Abstract
Rapeseed proteins, due to their quality and wide availability, have great potential for application in human nutrition. However, their high content of antinutritional compounds poses significant economic and environmental challenges for food industry applications. To overcome these obstacles, various extraction and modification techniques, including enzymatic and ultrasound-assisted methods, were used to enhance protein functionality and improve both nutritional and sensory properties. In this study, the effects of dephenolization on the structural, physicochemical, and functional properties of rapeseed protein isolate obtained from defatted rapeseed cake were investigated through four different protocols. All obtained protein isolates (PIs) exhibited high protein purity (above 65%), with a notable difference in extraction yield. Furthermore, the extraction process was optimized using an artificial neural network (ANN) model, which demonstrated high predictive performance.
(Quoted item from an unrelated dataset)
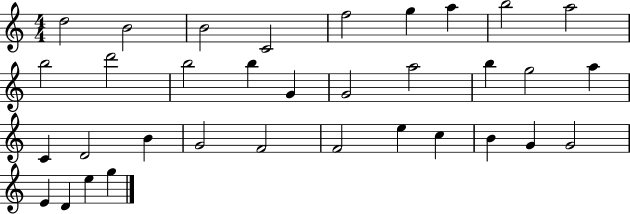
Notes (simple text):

D5/h B4/h B4/h C4/h F5/h G5/q A5/q B5/h A5/h B5/h D6/h B5/h B5/q G4/q G4/h A5/h B5/q G5/h A5/q C4/q D4/h B4/q G4/h F4/h F4/h E5/q C5/q B4/q G4/q G4/h E4/q D4/q E5/q G5/q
The optimal extraction conditions for the dephenolization of rapeseed oil cake were 84% ethanol concentration, a solid-to-liquid ratio of 1/60 w/v, and 15 min of ultrasound treatment, resulting in an impressive protein purity of 90.68% with a yield of 29.17%. The obtained proteins were further characterized and compared in terms of protein profile (FTIR and SDS-PAGE), amino acid composition, solubility, and digestibility. The protein isolate (PI) obtained under optimized conditions displayed superior functional properties, underscoring the relevance and necessity of a data-driven, mathematical approach for scale-up and industrial implementation.
Keywords:
artificial neural networks (ANNs); in vitro digestion; plant protein production; rapeseed cake; rapeseed protein isolates.